Covid has opened up new opportunities for fraudsters, including in the council’s hard pressed revenues and benefits department, the meeting heard.
With some 18 covid-related business grants being administered, the fraud spotters blocked £140,000 from being paid out in dodgy company claims.
A national scam, where fraudsters pretended to represent a branded bakery chain, was also blocked in Milton Keynes, saving £100,000 from being paid out.
Three more applicants applied for funds when they weren’t not entitled.
In response to rising pressures, Mr Wilkinson said they have taken a “defensive” approach to fraud prevention, including not duplicating work that council departments carry out themselves.

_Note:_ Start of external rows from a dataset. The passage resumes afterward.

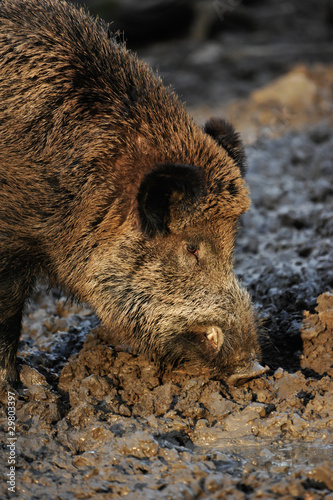 Wildschwein in Aktion photo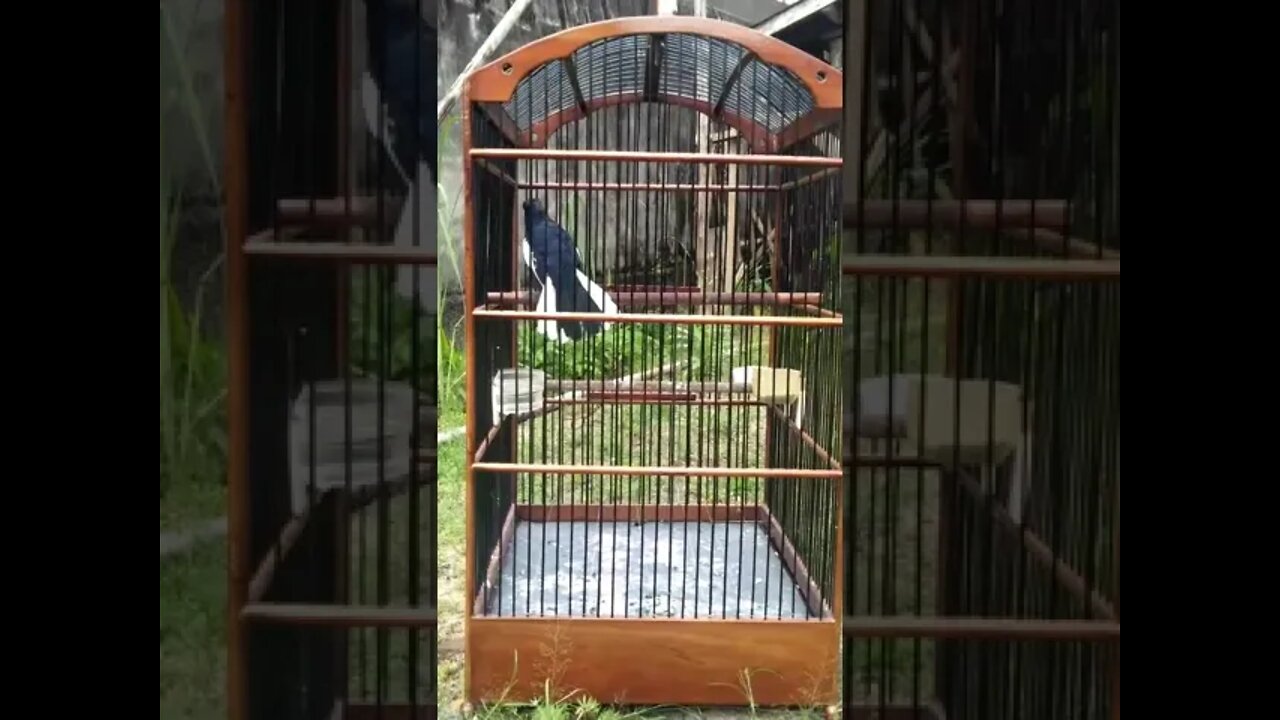 Burung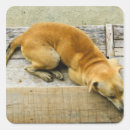 Search for sleeping dog stickers Outdoors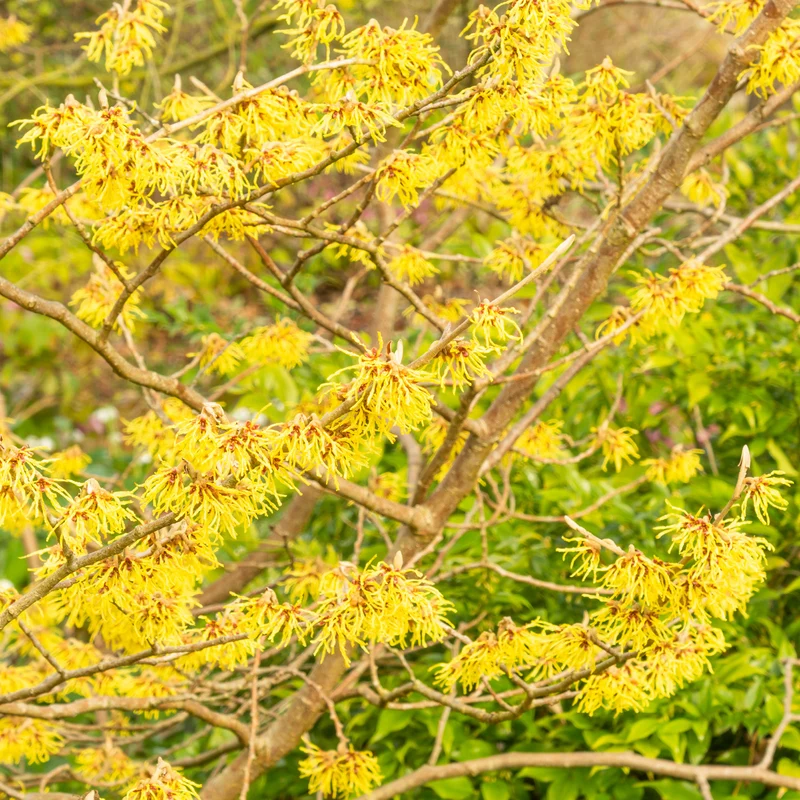 Zaubernuss 'Arnold Promise' Gelb
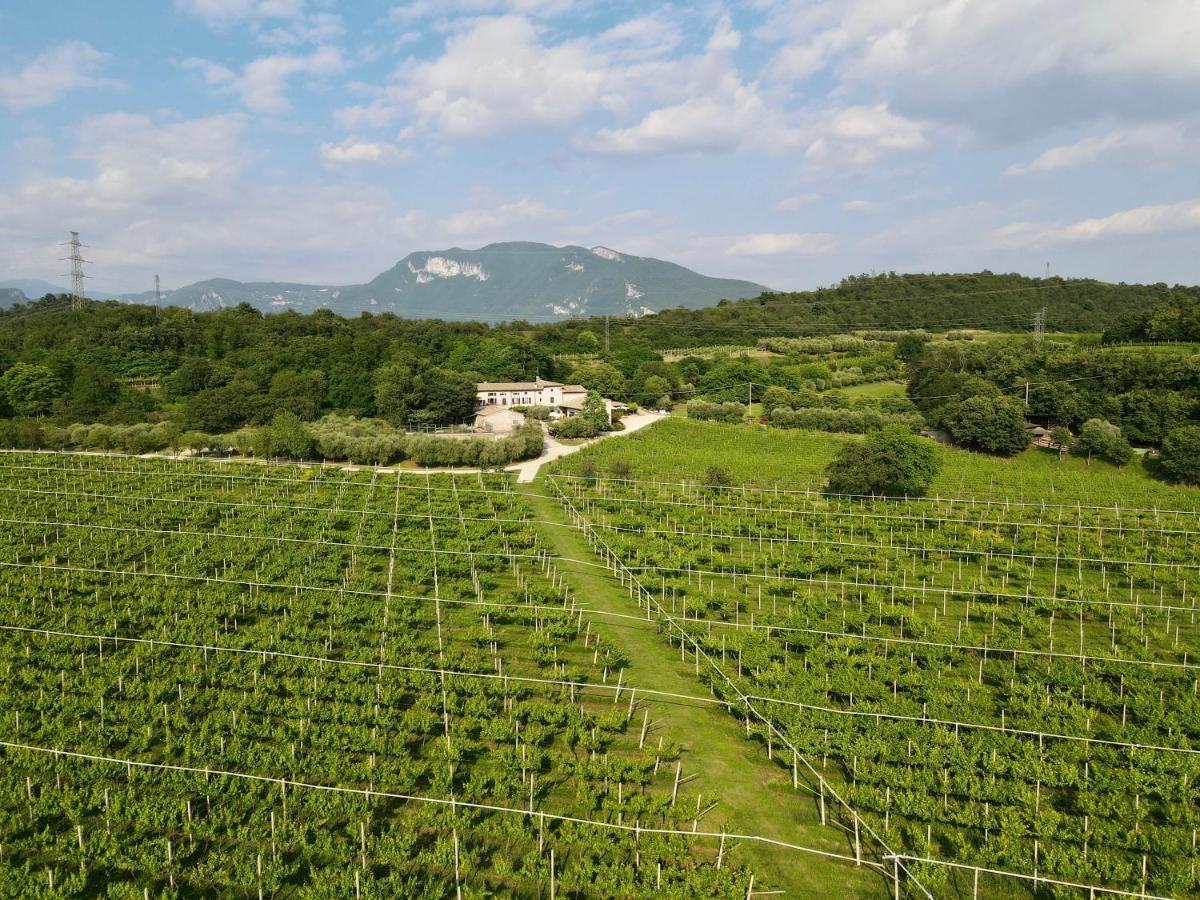 Serene Holiday&Wine Farm Affi Dış mekan fotoğraf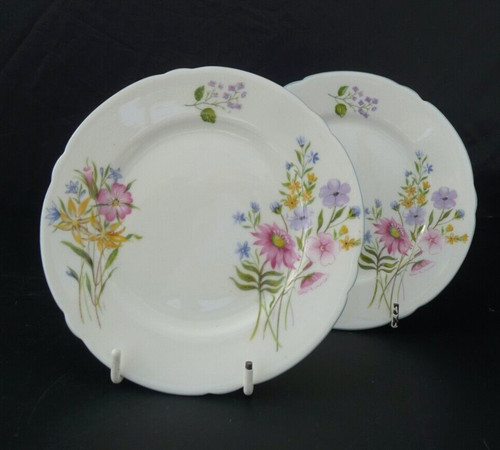Shelley wild flowers tea - shelley,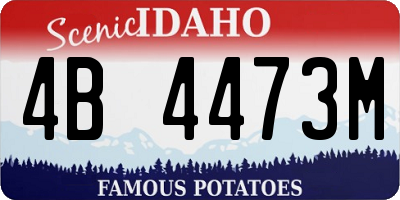ID license plate 4B4473M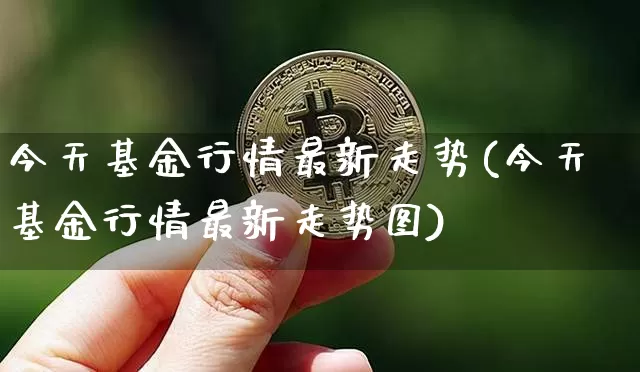 今天基金行情最新走势(今天基金行情最新走势图)_https://www.cangshenghg.com_科创板_第1张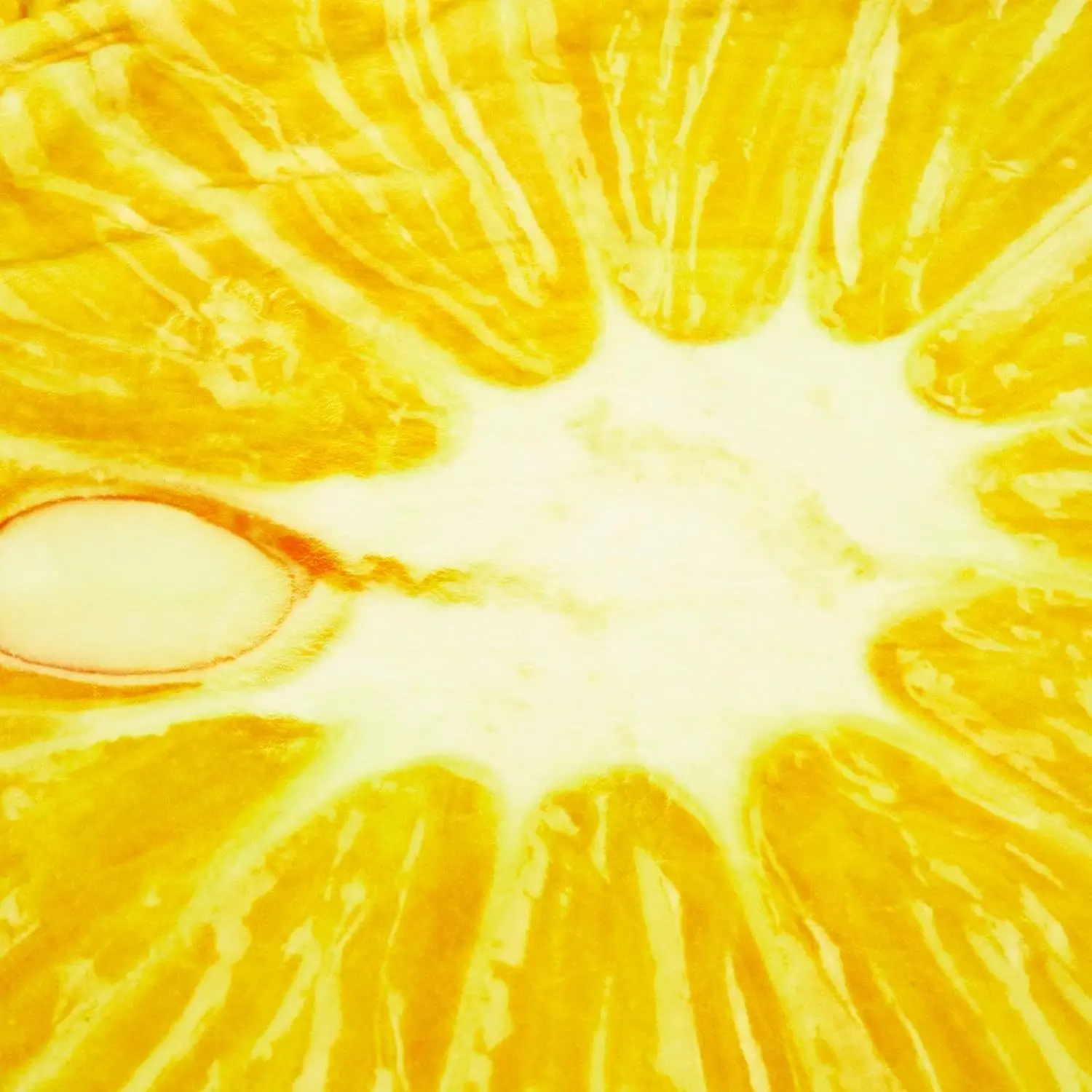 ���� �� �Ƶ��� �������̰� ����ִ� ���� ���, ���� ���� ���, ����, ����, ħ�� �� ����ִ� ������ ����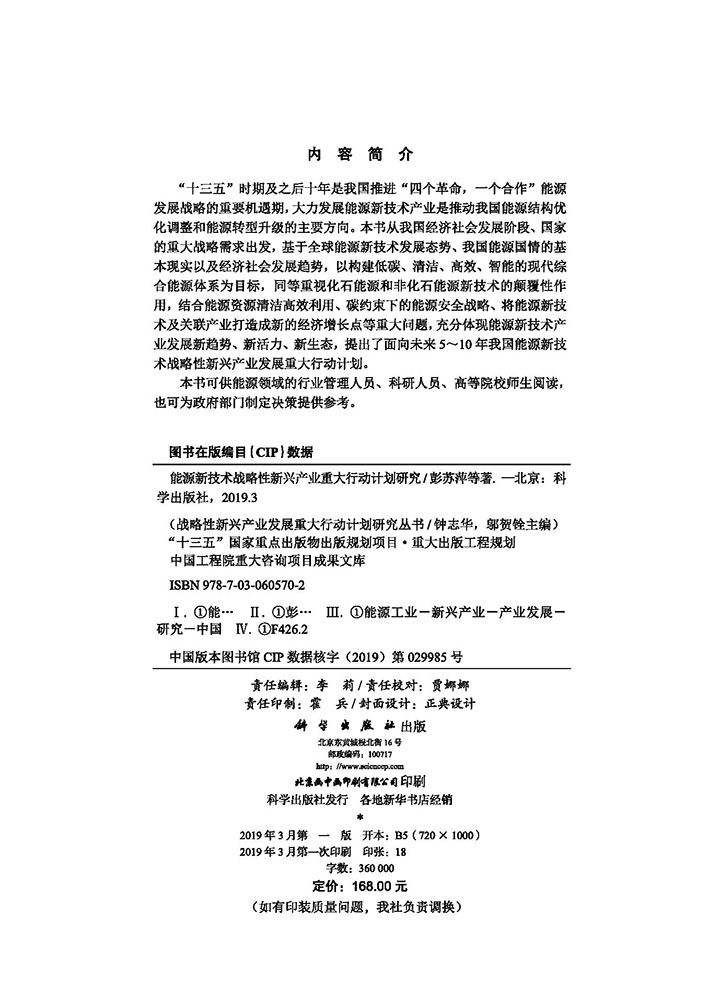 能源新技术战略性新兴产业重大行动计划研究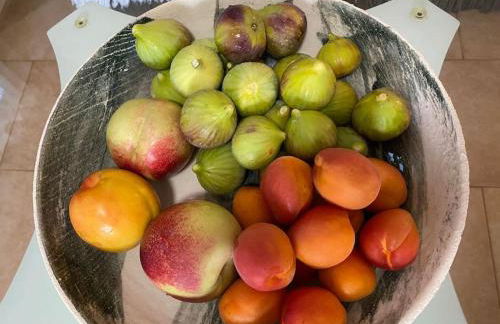 Villa Aura - Thymari - Foto 20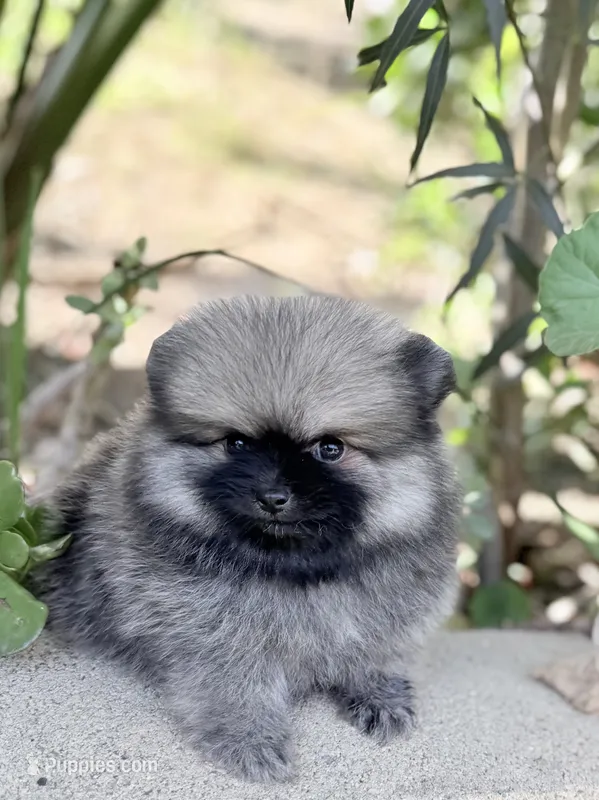 Tiny wolfie – Pomeranian puppy for sale in Los Angeles, CA
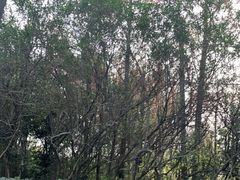 -上海崧泽遗址博物馆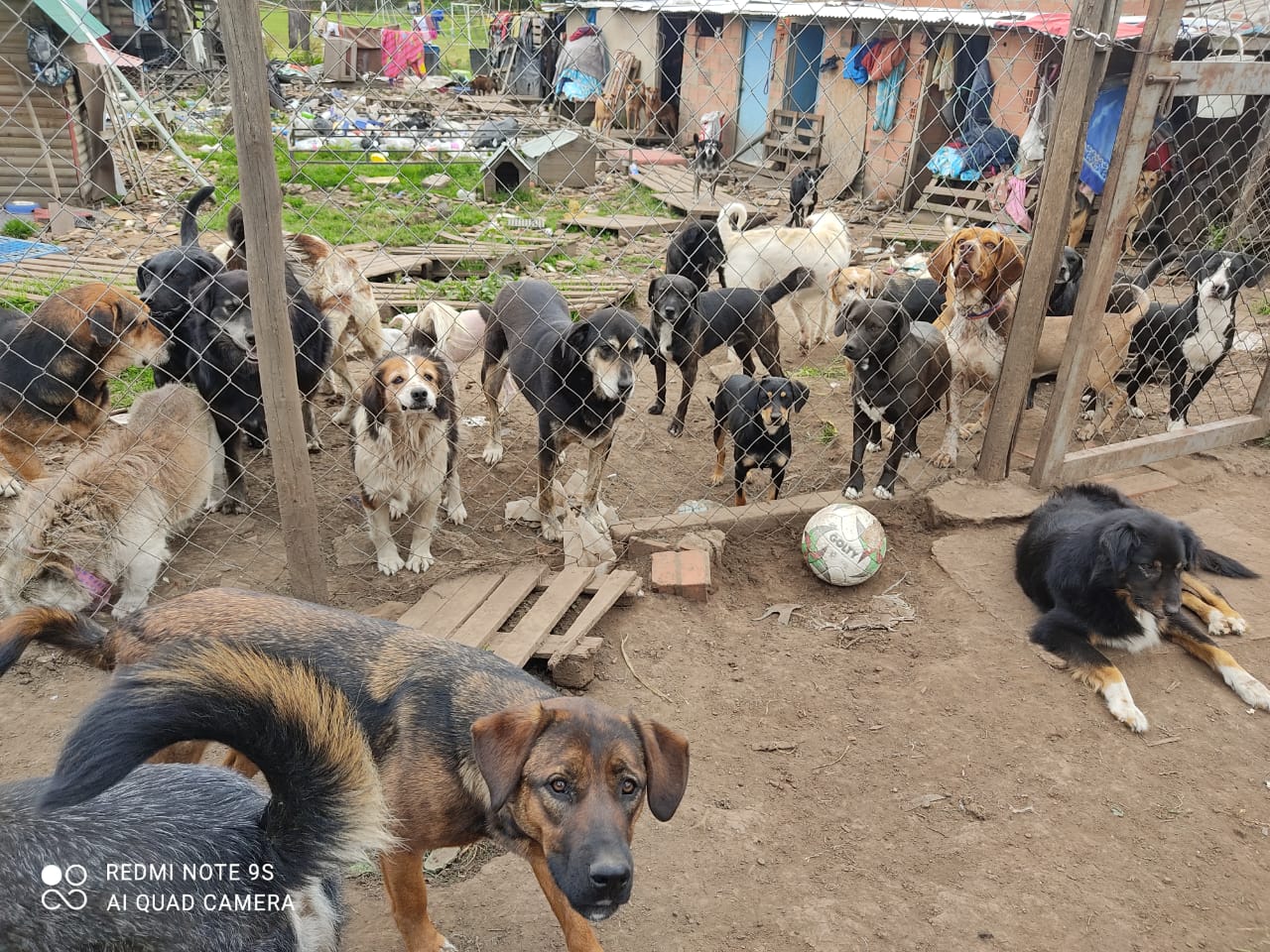 Esta fundación se dedica al rescate de animales en Suba.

The committee heard that the risk of cyber fraud has risen to top of the list of the council’s concerns. It has been given a red rating and Mr Wilkinson said he could not guarantee that the council would not become a victim.
“Cyber is the highest risk,” said Mr Wilkinson.
“Not because our systems are vulnerable but for two reasons.
“We have seen a massive cultural shift to everybody working from home, so the resilience of our IT systems is something to be commended and is dealing with significantly more volume transacting through it.”
He said attacks are faced “almost daily” and include the risks of staff clicking on fraudster email links.
“If staff are working remotely perhaps they are a little detached from the good concepts of good protection around cyber security and might be tempted to click that dodgy email,” he said.
Mr Wilkinson added: “We can’t guarantee that we will never be caught with one of those attacks. It is on our doorstep.
“Northamptonshire got caught with an impersonation fraud, where an invoice of £80,000 was paid out.
“These people are very sophisticated how they sneak those things through our controls.
“Every once in a while one of those issues will sneak through all of the protections we put in place.
“We’ve got to have a dose of reality.”
Councillors agreed to scrutinise the issue of cyber security more closely at a future meeting.